Hatırlıyor... Bir akşamdı... Oda loş... Kafes delikleri mavi... Gündüzün son ışıklariyle beraber, sanki, odadan eşya da çekiliyordu: Levhalar, duvarların kararan zeminine batıyorlar, minderler sönüyor, iskemleler dağılıyor, ve hepsi, buğulanarak şekilsiz bir uçuşla kayboluyorlar.

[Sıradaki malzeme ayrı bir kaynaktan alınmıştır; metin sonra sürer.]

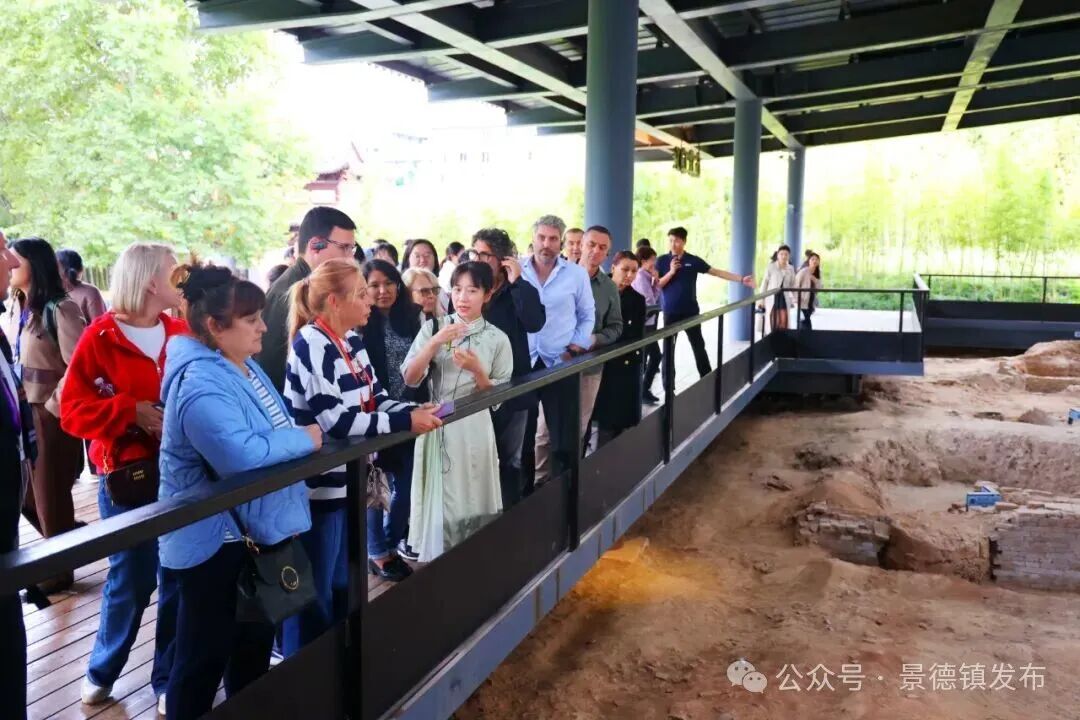 来自世界各地的市长与嘉宾们参与走读景德镇活动。(全媒体记者 余乐俭 摄)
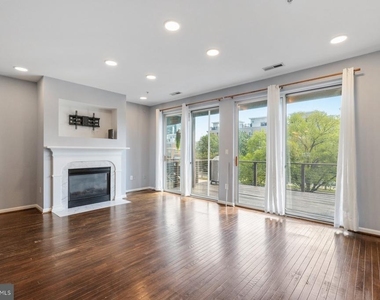 1025 Covington Street - Photo Thumbnail 9
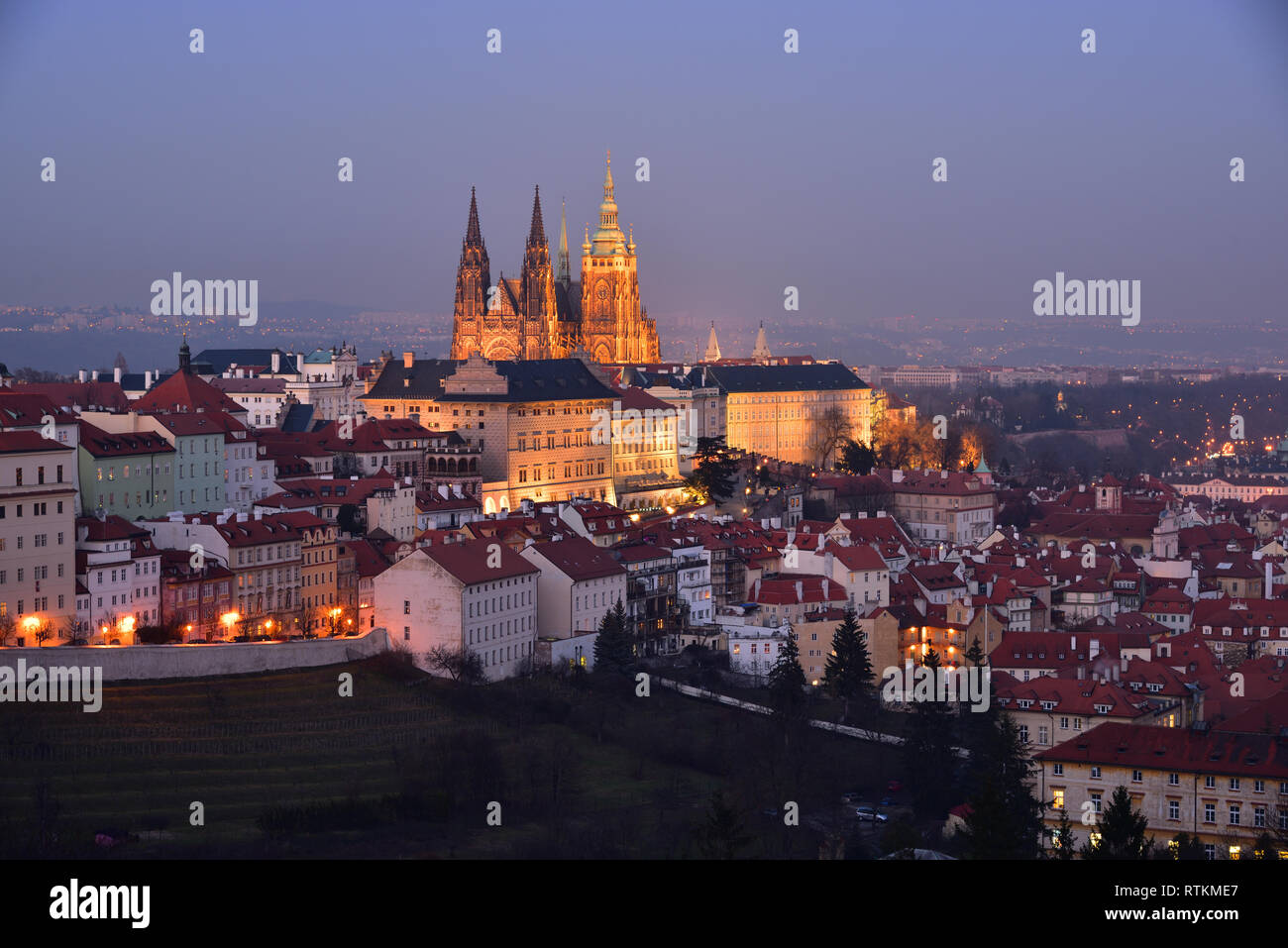 Der Prager Burg und der St. Veits Dom mit Nachtbeleuchtung. Fragment der Stadtteil Kleinseite (Malá Strana). Winter Abend. Stockfoto
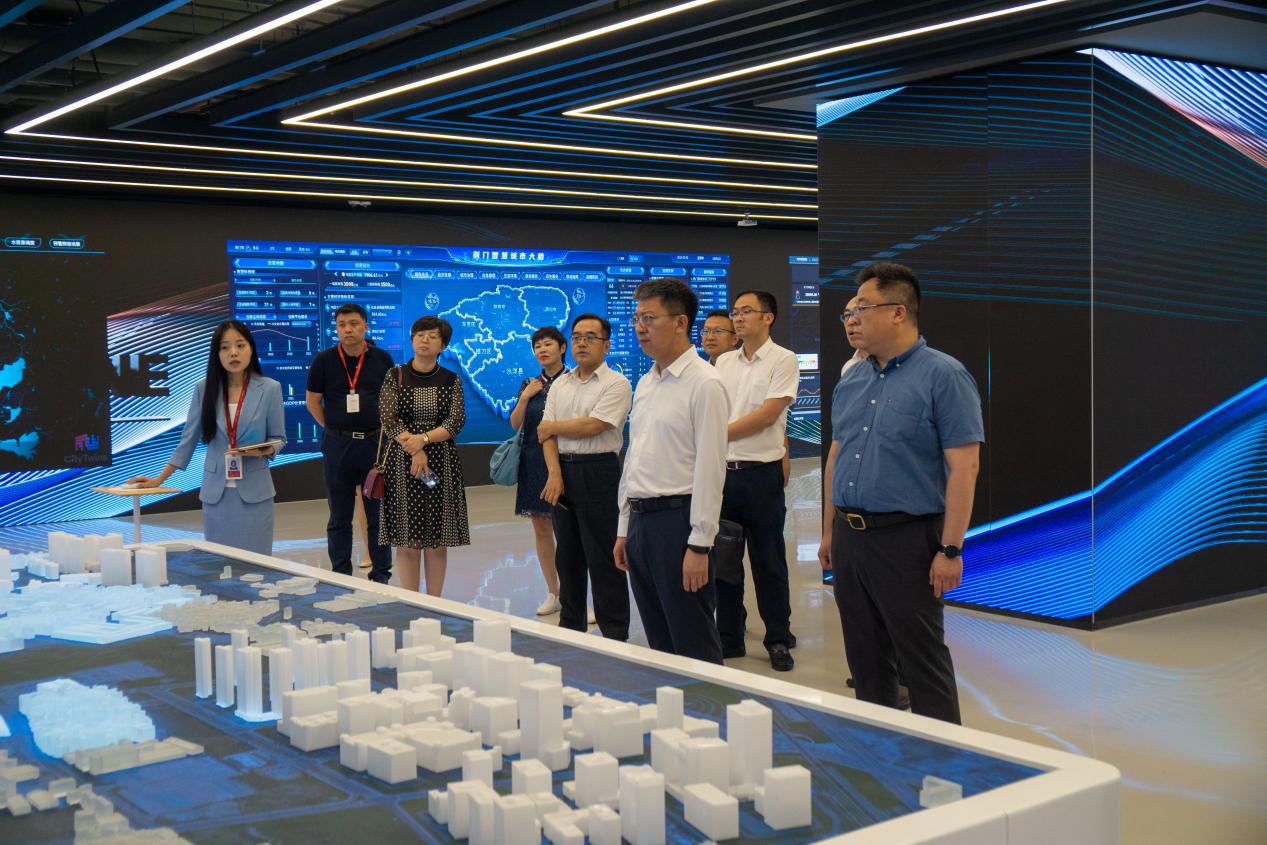 �������������һ�и��ڲ�tengbo9885����������������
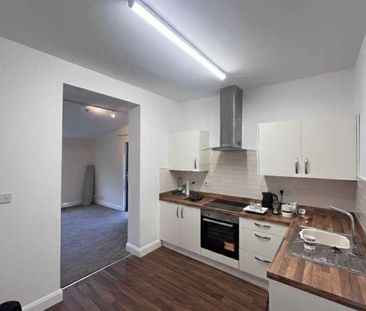 Westcliff On Sea, SS0 - Photo 4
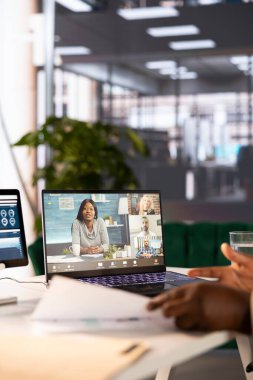 Şirketin CEO 'su uzaktan kumandalı işçilerle video konferans yapıyor, proje planını tartışıyor. Evdeki çalışanlarla internet video görüşmesinde bilgisayar danışmanı.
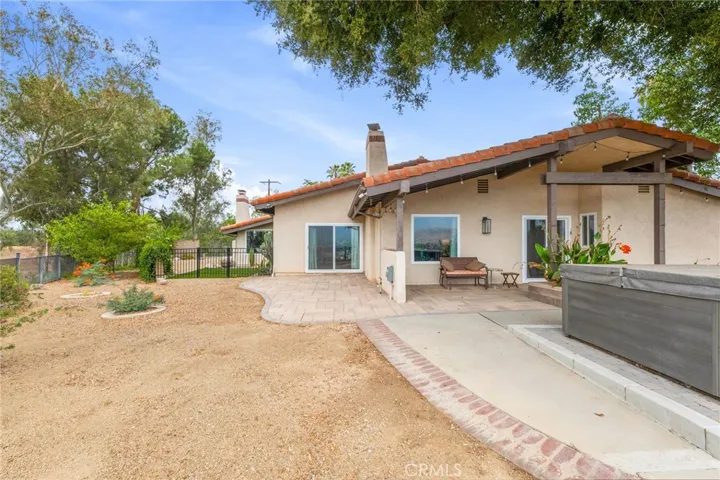 31016 E Sunset Drive N, Redlands, California 92373
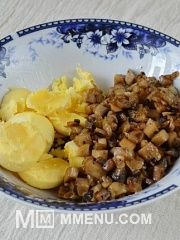 Приготовление блюда по рецепту - Яйца, фаршированные грибами и луком. Шаг 3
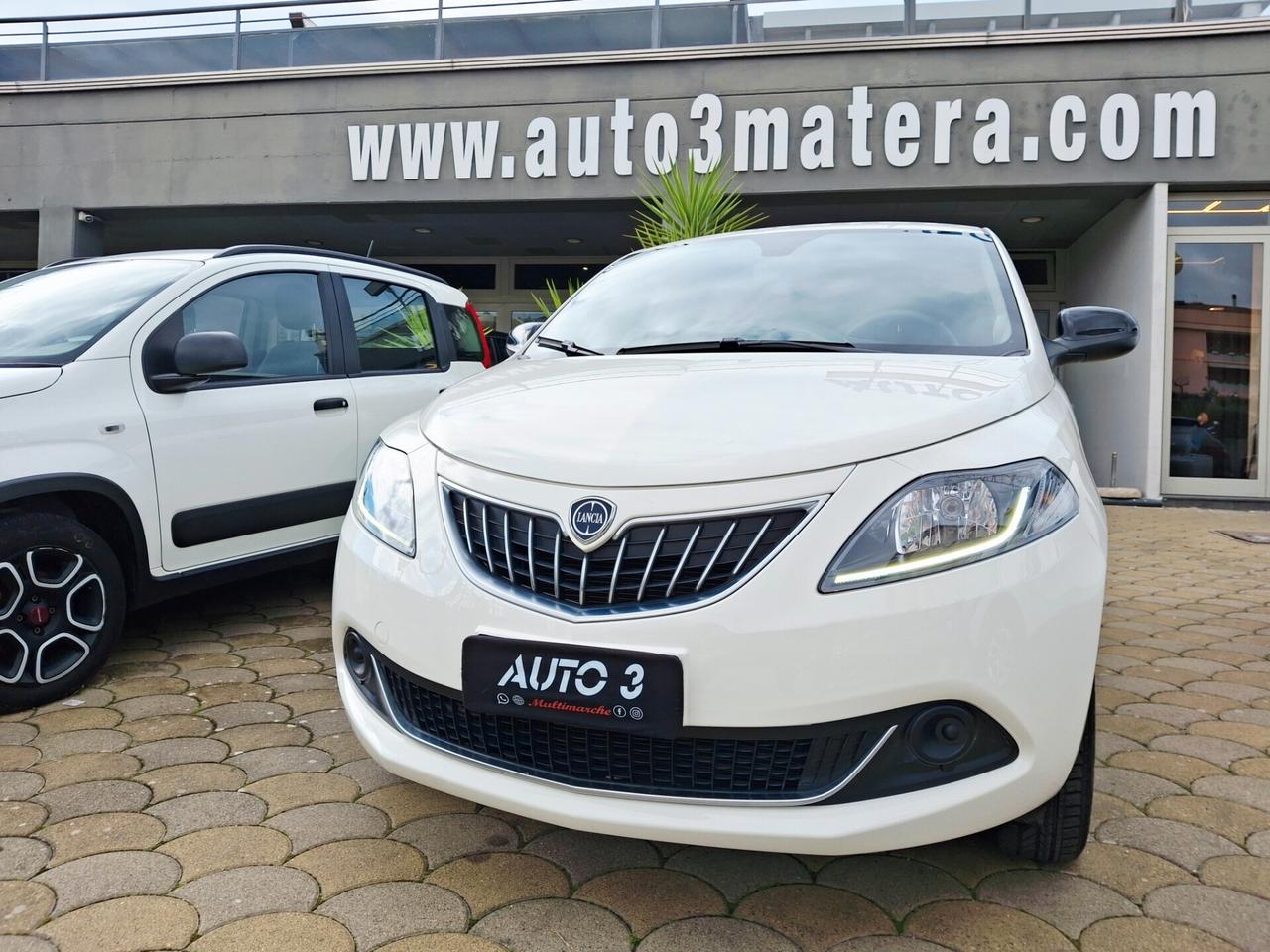 Lancia Ypsilon 0.9 TwinAir 5 porte Metano Ecochic Gold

Peyami Safa bu romanı 25 yaşında yazmıştır. 25 yaşında böyle etkileyici diyaloglar, sürükleyici anlatım tarzı, insanı sıkmadan sürekli merak içinde bir sonraki sayfaya geçmenisini sağlayan bir roman yazması onun ne kadar büyük bir yazar olduğunu bir kez daha ortaya koyuyor. Peyami Safa bu romanından sonra onlarca roman daha yazmıştır. Eğer bu son romanı olsa idi insanlar Peyami Safa zirvede bırakmıştır bu işi derlerdi. Yazar kitabın içinde kendisini diriltmiş konunun bir kısmına kendisini de dahil etmiştir. Kitap geri dönülemez bir Pişmanlığın romanıdır.